Given a clearly observed time series of length n, $t=\left[t_1,t_2\cdots ,t_n\right]$, the following harmonic model is built during the training period:

$$y_i=a_0+{\displaystyle \sum }_{j=1}^k\left(b_j\cos \left(\frac{2\pi j}{D}{t}_i\right)+c_j\sin \left(\frac{2\pi j}{D}{t}_i\right)\right)+{\epsilon }_i$$

(1)

where $y_i$ is the NDVI values, $a_0$ is the intercept coefficient, and k is the order of the harmonic function and set to 2, which is rooted in the observation that two harmonics suffice to represent the predominant periodic variations in the time series in the majority of cases [38]. $b_j$ and $c_j$ are the coefficients of the cosine and sine harmonics, respectively; ${\epsilon }_i$ is the regression residual of the Julian date; D is the number of days in a year. These model coefficients are obtained using the ordinary least-squares method.
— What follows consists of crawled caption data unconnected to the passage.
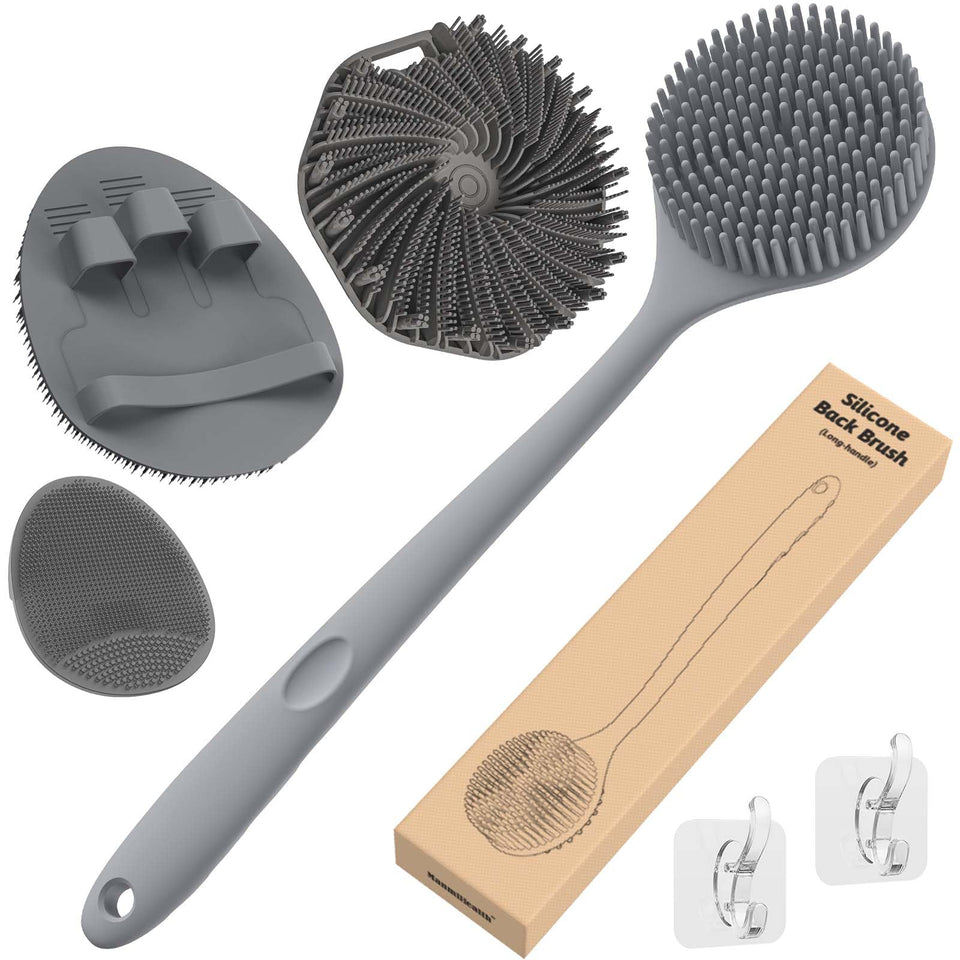 Manmihealth silicone back scrubber demonstrates firm, deep-cleansing action for rough skin.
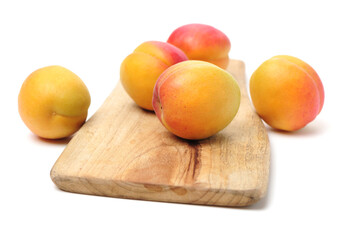 Fresh apricot fruits isolated on white background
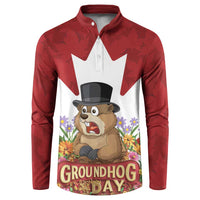 Funny Groundhog Day Button Sweatshirt Canadian Maple Leaf - Wonder Print Shop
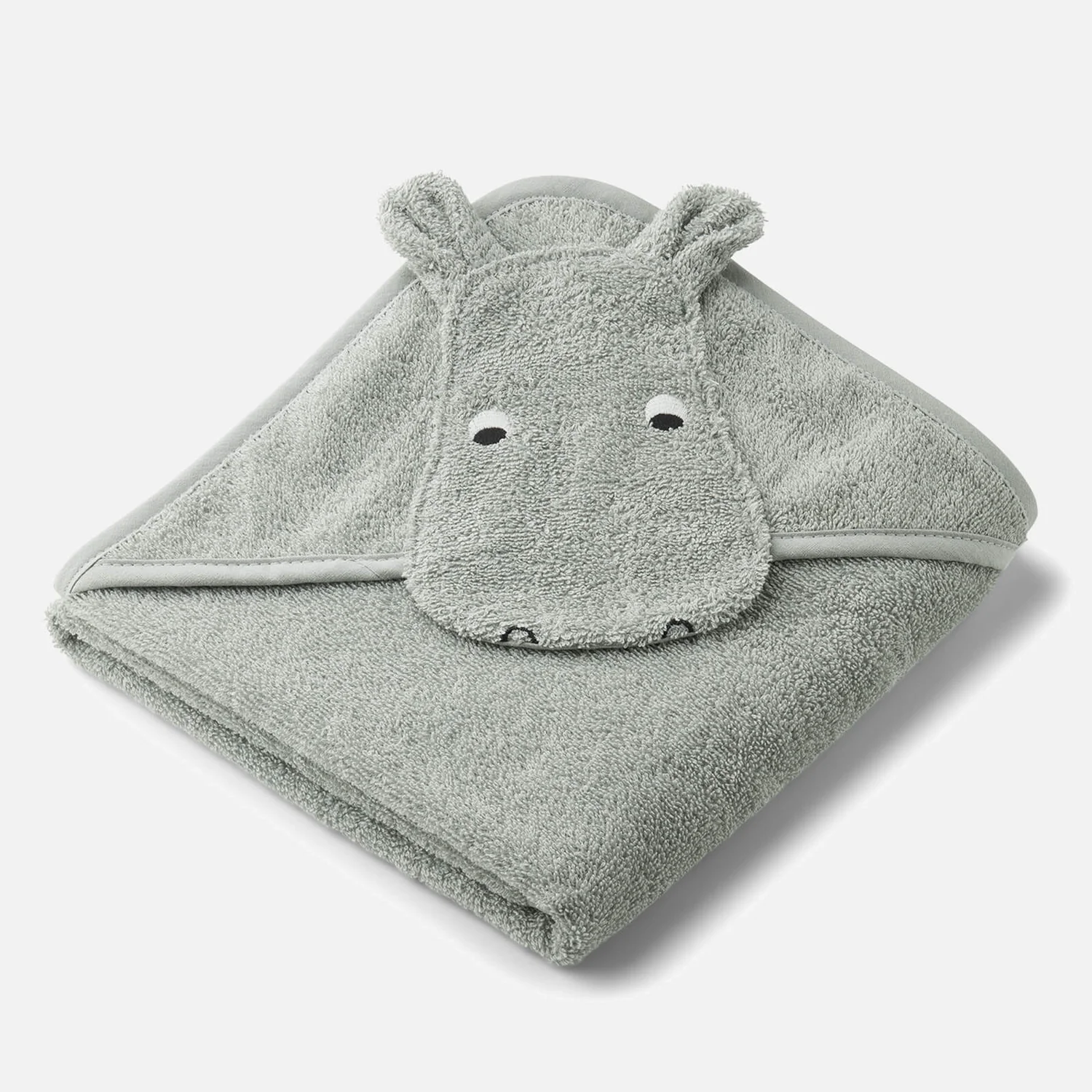 Liewood Albert Baby Hooded Towel - Hippo Dove Blue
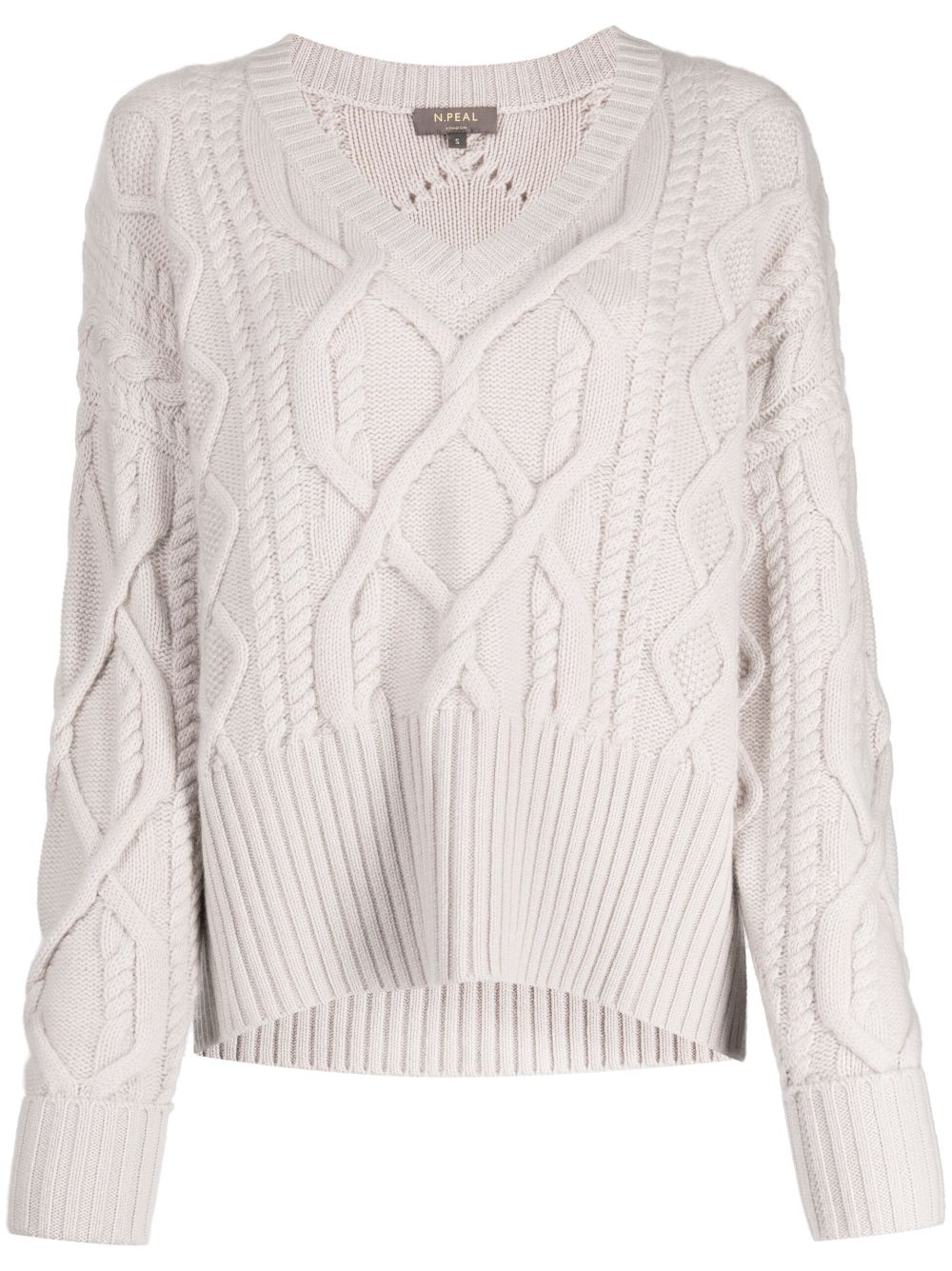 V-neck cable-knit jumper - Grey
3.2. X-Bar Outlier Rejection

After harmonic regression, the harmonic regression model may not identify clouds, shadows, or other outliers corresponding to short-term events. Introducing the Shewhart chart and utilizing the X-bar to reject outliers in a second iteration can effectively mitigate most cloud and shadow interference:

$$\widehat{\beta }={\left(X_{train}^{\prime }{X}_{train}\right)}^{-1}{X}_{train}^{\prime }{t}_{n_{trai{n}^{\prime }}}$$

(2)

where $X_{train}$ is a matrix composed of $n_{train}\times \left(1+c_j+b_j\right)$ designs, and each harmonic coefficient is adjusted to the Julian date. After all elements with standardized residuals greater than a global user-specified threshold are filtered out, $\widehat{\beta }$ is recalculated, and then the residuals res for the entire time series are calculated:

$$res=t-X\widehat{\beta }$$

(3)

X is the matrix obtained by computing the full $n\times \left(1+c_j+b_j\right)$ design, and then the training period variance $s^2$ is estimated:

$$s^2=\frac{re{s}_{n_{train}}re{s}_{n_{train}}^{\prime }}{n_{train}-1}$$

(4)

where $re{s}_{n_{train}}$ represent the residual on the training period. The first two steps were employed to eliminate seasonal changes and outliers.

3.3. AEWMACD

3.3.1. EWMACD

The EWMA values are determined as follows:

$$EWM{A}_i=\left(1-\lambda \right)EWM{A}_{i-1}+\lambda {\epsilon }_i$$

(5)

The initial $EWM{A}_1$ value of the algorithm is set to 0. λ is the smoothing coefficient, and i = [1, 2, …, n] represents the different time steps of the time series. A value of λ close to 1 indicates that historical data are given little weight, whereas a value of λ close to 0 implies that the result of $EWM{A}_i$ is primarily dependent on the value of $EWM{A}_{i-1}$ from the previous time step.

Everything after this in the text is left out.